Budget 2015 roundup: Series of giveaways not enough to satisfy sector leaders

18 Mar 2015 News

Charity sector leaders have said while the Budget includes some welcome giveaways, it does not tackle structural problems for the sector or mention several previously promised measures, especially a £40m Local Sustainability Fund.

Charity sector leaders have said while the Budget includes some welcome giveaways, it does not tackle structural problems for the sector or mention several previously promised measures, especially a £40m Local Sustainability Fund.

Karl Wilding (pictured), director of public policy at NCVO, said that while there were “lots of small, Daily Mail-friendly measures” announced to help charities, the Budget lacked any “large-scale strategic thinking about the sector”.

He said that while NCVO welcomed VAT refunds for some charities, the sector needed not targeted measures for small groups but a discussion about irrecoverable VAT and issues like VAT on shared services which prevent charities collaborating.

“One potentially significant issue is that they’ve agreed to legislate on digital gift aid,” he said. “That may have an important impact. But for the most part they haven’t tackled the big strategic thinking.”

He said that while small pots of funding were interesting, a more problematic issue was the massive cuts in the budgets of big departments which fund the sector, such as the Department for Communities and Local Government and the Cabinet Office.

Caron Bradshaw, chief executive of the Charity Finance Group, said: “This sounds like a budget where we’re going to need to read the background papers even more carefully than usual. As always the devil is going to the in the detail but there were some welcome announcements for some of our sector. Austerity pressure is going to continue, whoever forms the next government; particularly at a local level."
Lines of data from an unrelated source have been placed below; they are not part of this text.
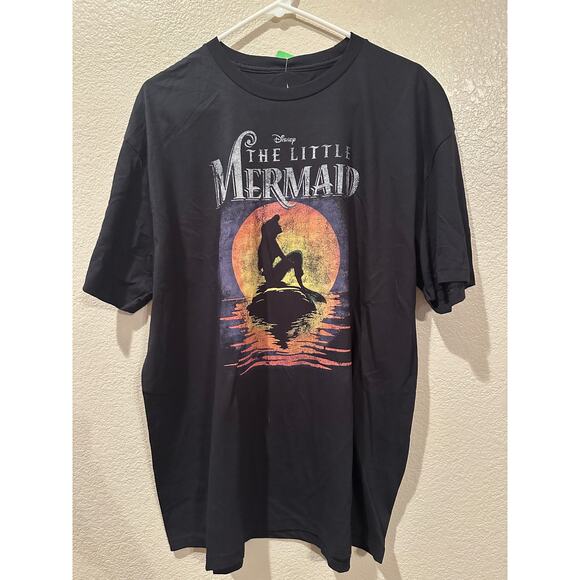 NWT Disney The Little Mermaid Neon Silhouette Black Tee sz XL - Picture 1 of 3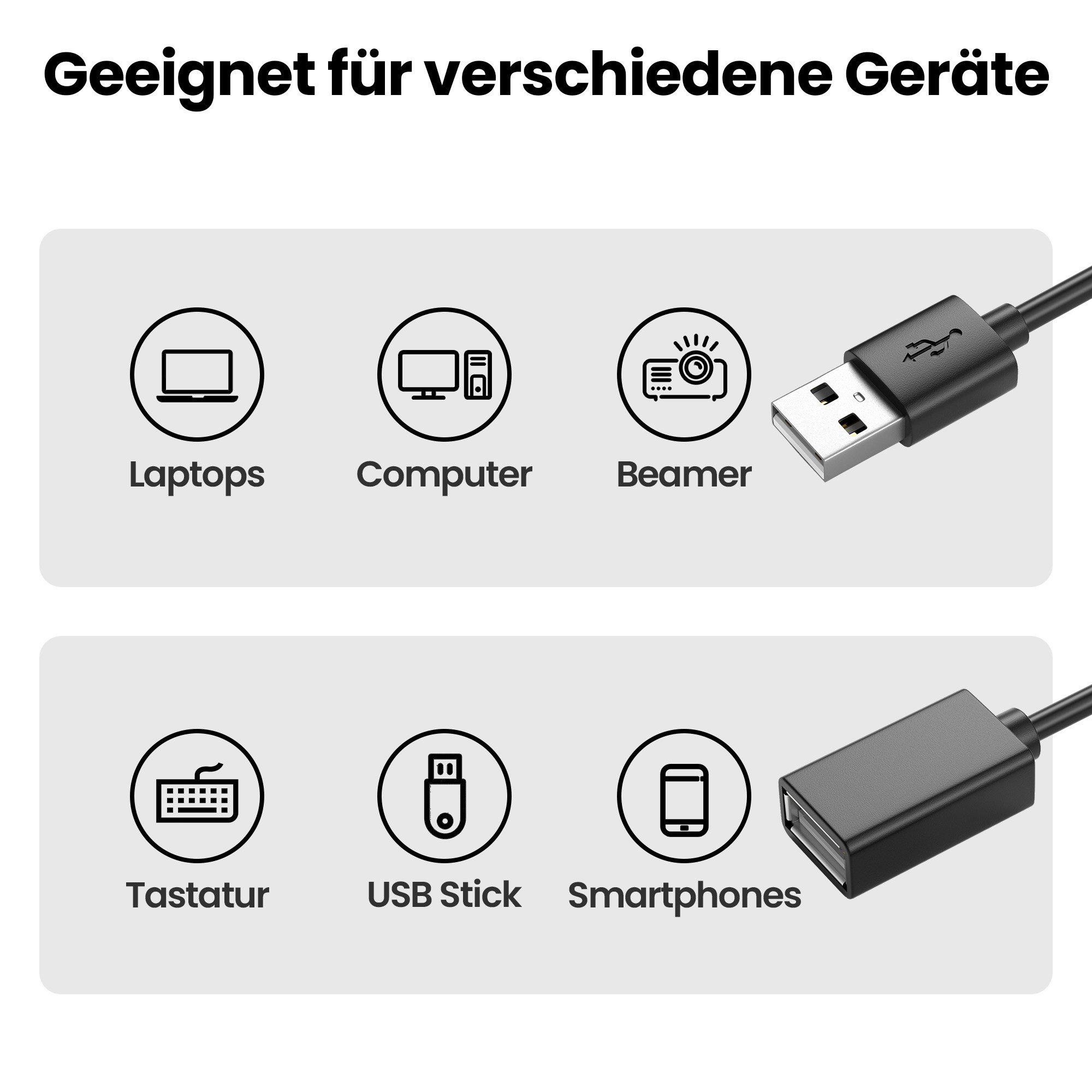 JAMEGA USB 2.0 Verlängerungskabel, USB-A Stecker zu USB-A Buchse Erweiterung USB-Kabel, USB, USB A (50 cm) – Bild 3 von 5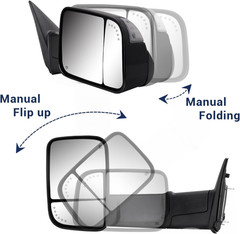2009-2018 Ram 1500 2010-2018 2500 3500 Towing Mirrors Pair–Compatible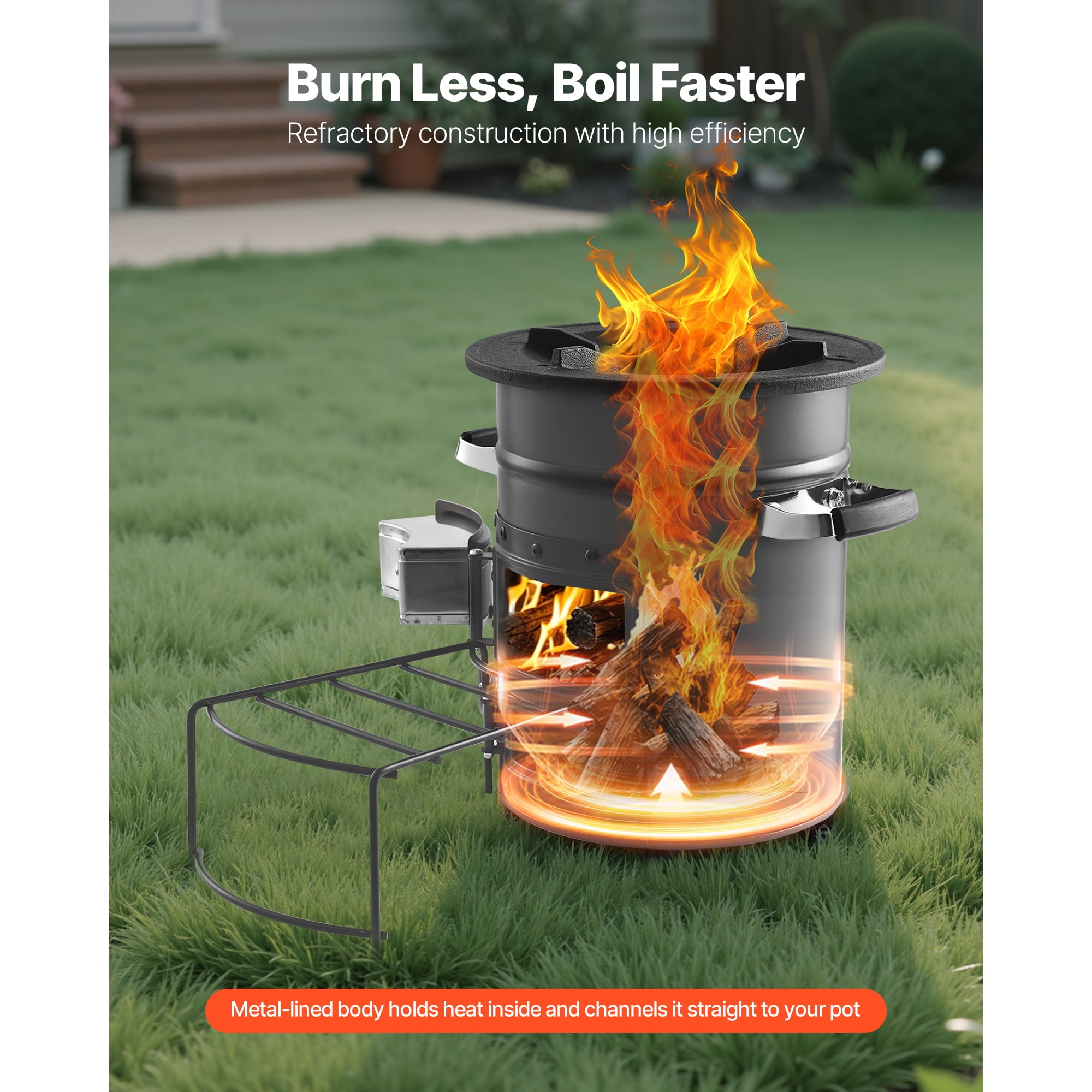KFFKFF Portable Camping Rocket Stove, Wood-Fueled Outdoor Cooker with Carry Bag, Durable Steel Design,Dual Door,Suitable for Twigs, Sticks, or Charcoal,Ideal for Camping, Backyard,and Outdoor Cooking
Angry reaction to lack of sustainability fund

The omission of any mention of a promised £40m Local Sustainability Fund angered bodies including Acevo and Navca.

In a statement, Acevo chief executive Sir Stephen Bubb criticised the Office for Civil Society’s “major failure” to deliver the fund as was originally promised under former civil society minister Nick Hurd. 

“The failure to announce this fund to help local charities is a major failure for the Office for Civil Society and its leadership," he said. "It is a sign of a government that no longer cares or wants to speak about the effect its cuts have had on our local communities."

Bubb attacked Hurd’s eventual successor as minister for civil society, Rob Wilson, saying: “Serious questions must be asked of Hurd's successors, their lack of care and their failure to deliver.”

Neil Cleeveley, chief executive of Navca, said that despite having been supposedly supported by three civil society ministers, the reasons why the fund still remains absent from the Budget needs to be “cleared up”.

“I am shocked that there’s no mention of the long promised Local Sustainability Fund," he said. "Successive ministers have promised it, so we have to know if it’s been ditched or if it’s just got stuck in the system.”

Other perceived exemptions

A charity exemption from the Autumn Statement’s Diverted Profits Tax – aimed at large groups of companies hoping to reduce the amount of tax paid in the UK – was also not directly mentioned in the Budget.

John Hemming, the chair of the Charity Tax Group, said he remained “hopeful that our call for a specific charity exemption will be heeded”, after conversations with HMRC.

While nothing was mentioned in this Budget about a promised reform of the level of benefits charities can provide to donors without tax implications, the Institute of Fundraising remains convinced that a review of the rules  will be extended to provide “best help for charities and donors to maximise uptake on eligible donations” as was announced in the Autumn Statement.